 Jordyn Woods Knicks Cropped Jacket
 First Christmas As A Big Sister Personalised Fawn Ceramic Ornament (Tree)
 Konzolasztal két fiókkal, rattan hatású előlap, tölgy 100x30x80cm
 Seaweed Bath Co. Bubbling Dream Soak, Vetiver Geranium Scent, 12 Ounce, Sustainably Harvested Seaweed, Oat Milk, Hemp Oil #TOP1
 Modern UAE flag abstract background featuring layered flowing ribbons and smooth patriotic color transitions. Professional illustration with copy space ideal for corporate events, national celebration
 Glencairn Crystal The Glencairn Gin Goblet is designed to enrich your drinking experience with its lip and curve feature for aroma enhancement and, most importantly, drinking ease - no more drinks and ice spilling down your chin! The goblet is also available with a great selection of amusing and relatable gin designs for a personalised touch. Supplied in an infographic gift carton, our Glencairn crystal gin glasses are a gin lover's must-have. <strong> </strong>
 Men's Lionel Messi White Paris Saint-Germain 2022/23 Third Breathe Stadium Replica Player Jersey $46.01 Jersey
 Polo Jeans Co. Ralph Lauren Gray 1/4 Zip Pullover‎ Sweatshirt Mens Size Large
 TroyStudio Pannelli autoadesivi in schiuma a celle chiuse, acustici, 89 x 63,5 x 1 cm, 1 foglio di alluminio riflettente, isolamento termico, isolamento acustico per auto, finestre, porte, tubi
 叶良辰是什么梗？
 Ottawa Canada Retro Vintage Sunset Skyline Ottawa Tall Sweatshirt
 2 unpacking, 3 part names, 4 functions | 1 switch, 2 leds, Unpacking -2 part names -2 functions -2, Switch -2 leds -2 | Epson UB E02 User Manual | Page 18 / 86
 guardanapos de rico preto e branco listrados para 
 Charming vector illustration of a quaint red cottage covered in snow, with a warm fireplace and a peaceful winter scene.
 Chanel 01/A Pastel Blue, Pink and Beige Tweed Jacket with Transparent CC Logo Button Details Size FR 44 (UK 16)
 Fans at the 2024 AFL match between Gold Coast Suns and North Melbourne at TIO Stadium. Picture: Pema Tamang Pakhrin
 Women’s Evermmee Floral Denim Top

◇ ◇ ◇

▸ **Work instructions**
Reproduce exactly, and only, the part of the listing above that begins at the line with "Konzolasztal két fiókkal, rattan" and goes on through the line with "Modern UAE flag".

▸ **Solution to the problem**
 Konzolasztal két fiókkal, rattan hatású előlap, tölgy 100x30x80cm
 Seaweed Bath Co. Bubbling Dream Soak, Vetiver Geranium Scent, 12 Ounce, Sustainably Harvested Seaweed, Oat Milk, Hemp Oil #TOP1
 Modern UAE flag abstract background featuring layered flowing ribbons and smooth patriotic color transitions. Professional illustration with copy space ideal for corporate events, national celebration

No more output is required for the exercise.